Since this series is more character-driven than story-driven, and its characters are all interesting in their own way, I will go through this review by means of character analysis. I feel like going character-by-character will prove to be the most effective way to go.

I’d like to start with Yeom Mi Jeong, the youngest sibling, as her storyline will enable me to get directly to the series’ title and main theme. Mi Jeong is without a doubt the most timid of the siblings. She’s an introvert, but that doesn’t mean that she doesn’t have an edge. You could say that behind her quiet demeanor there’s a silent rage that she only rarely expresses. Mi Jeong has always been the most helpful child to her parents’ work in the countryside, and she’s the only one who never complains when they’re asking for help. Unlike her older brother and sister, who fight a lot, she keeps to minding her own business most of the time, until other people involve her. She works at a sort of designing company (if I’m correct), where she gets the chance to design layouts for pamphlets and business cards etcetera. While she’s quite good at it, her manager always finds ways to reject everything she comes up with. As she sits quite close to his desk, her working hours include long periods of hearing him curse under his breath while he’s striking through all her proposals. At least she has some female colleagues who (seem to) have her back, but Mi Jeong usually smiles rather than engage in vindictive gossiping with them.
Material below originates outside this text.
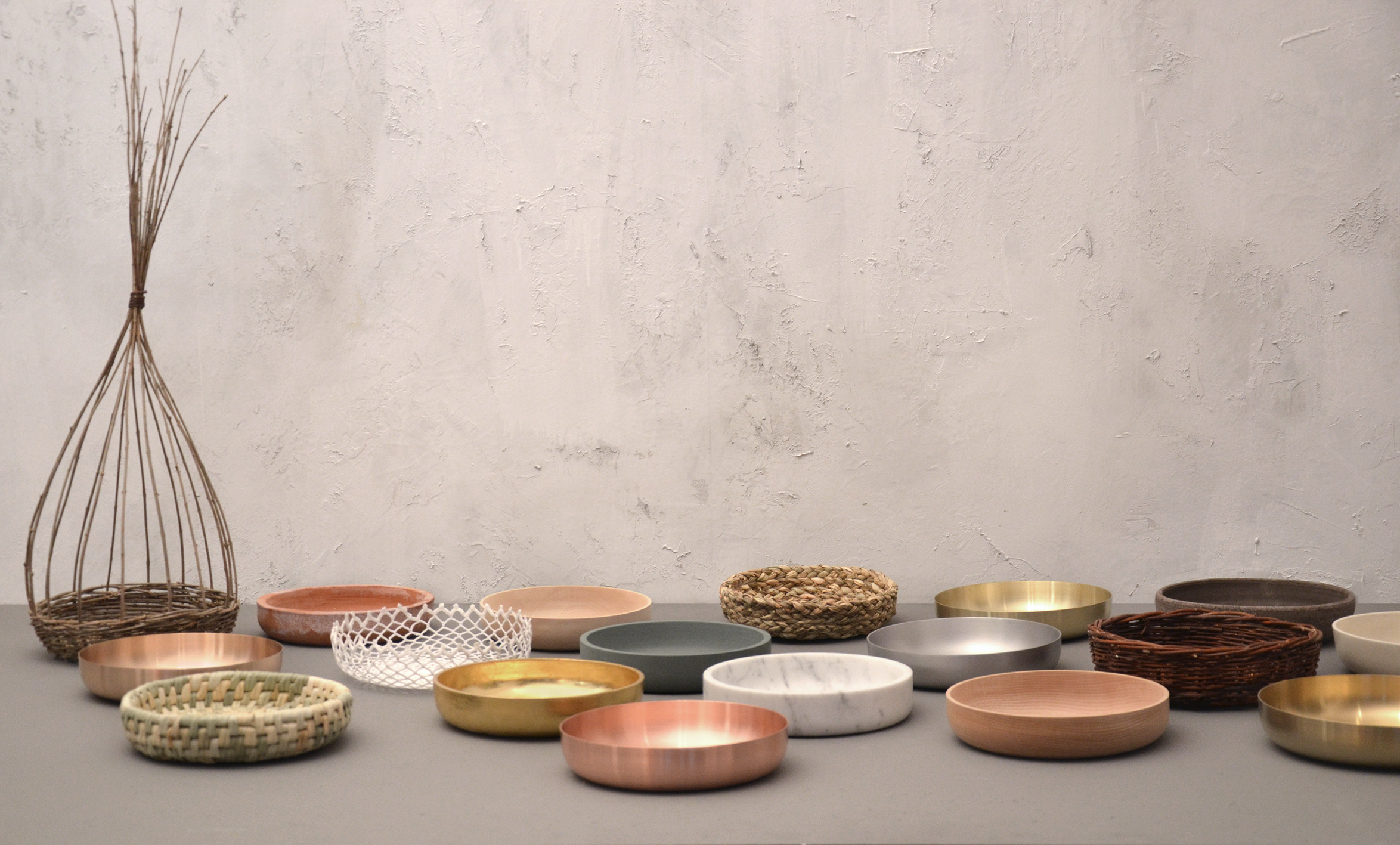 Diogenèa: a tale of bowls per il Salone del Mobile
These female colleagues are always trying to get Mi Jeong out of her shell, they try to convince her to stay and go clubbing or drinking with them, they try to get stories about her private life out of her, but Mi Jeong doesn’t usually talk about herself. She seems to be the introvert friend in a group of extraverts. Except she’s not a friend. She doesn’t even feel a connection with her female peers, except for maybe one of them. Mi Jeong actually doesn’t like any of the people she meets in her daily life, and this only feeds her growing inner rage.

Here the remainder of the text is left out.